Originally, they had strict rules about who was allowed to register, basically only members of a list of well known industry associations. As of December 21, they have new rules that seem to limit registrants to anyone who shows the faintest interest, with a preference to bulk registrations. (If you followed the history of .aero, the deja vú is intense.) In September, they sold their search.travel search engine for about $300K to a company controlled by Egan, stating they needed the cash to stay in business. Then, according to an SEC filing, Labigroup, another company controlled by Egan, has agreed to buy at least 25,000 .travel domains, producing over $250,000 of simulated revenue which looks an awful lot like taking money out of one pocket, waving it around, and then putting it back in one's other pocket, particularly since another SEC filing two weeks ago reveals that current owner theglobe.com is selling Tralliance to yet another LLC owned directly by Egan.
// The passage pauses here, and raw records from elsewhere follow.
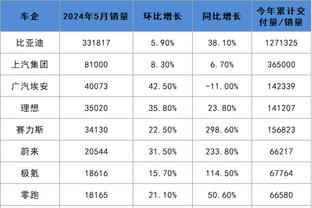 布莱顿艺术家为主帅德泽尔比画壁画：足球之神，队史最伟大教练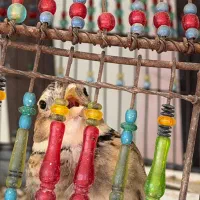 سهره  قناری بخون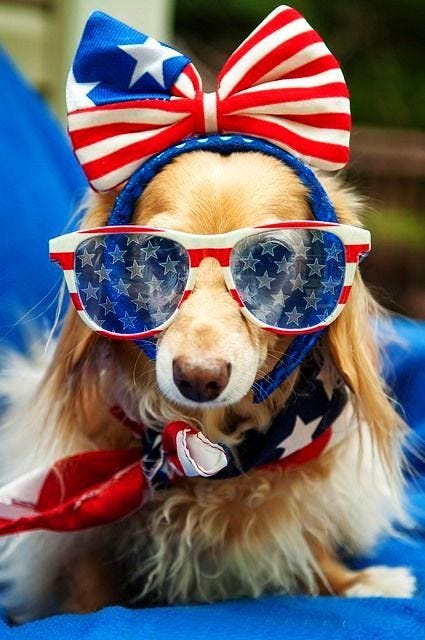 #cutepuppy4thofjuly | Patriotic dog, Patriotic pets, Dogs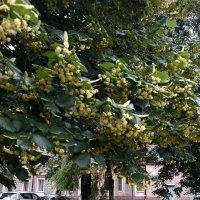 *** :: Валентина Береснева *** :: Валентина Береснева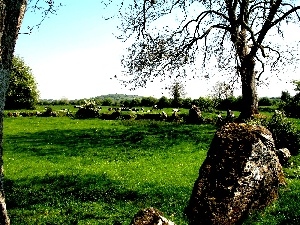 nature, nature, Ireland, Meadow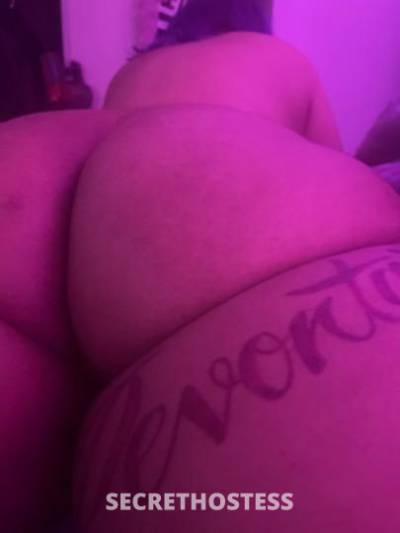 Omi 26Yrs Old Escort Denver CO Image - 9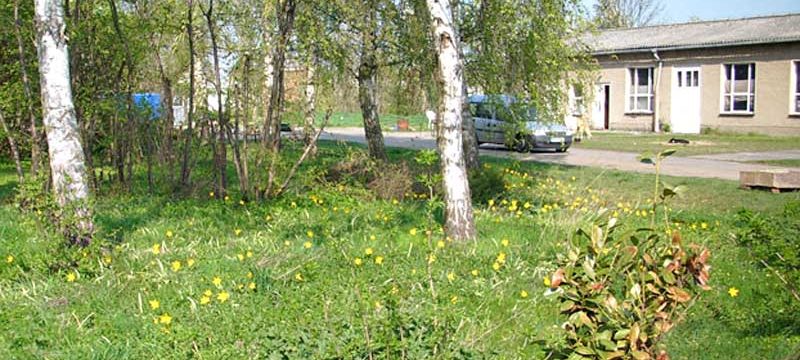 39398_luedia_garten004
Earlier today I sent in an application to become one of the registrant elect, claiming that I'm in the Travel Media because I have a funky little website at http://airinfo.aero. The scrutiny was indeed strict and onerous, taking nearly 45 minutes until they said OK, so now my web site is also http://airinfo.travel. (I'm waiting for the flood of traffic due to my increased credibility.)
I also got e-mail from my personal .travel salesman, suggesting a list of other domains I would certainly want to register, including skyauction.travel. In response to my question, he said that no, they would not indemnify me for the lawsuit if I took his suggestion and skyauction.com sued me.
They're obviously hoping for a flood of domain speculators and squeegee domains, which will be a challenge to find at the $99 that .travel domains still cost. The point of all of the buying and selling is hard to figure out, since so much of it is just shuffling money among companies under common ownership. Is the goal to fluff up Tralliance and sell it? Do they actually think they can turn a profit?
In any event, although it was utterly predictable that .travel would fail as an actual travel domain, the switch to squeegee-hood is an interesting strategy. If it succeeds, that would portend bad things for domains in general.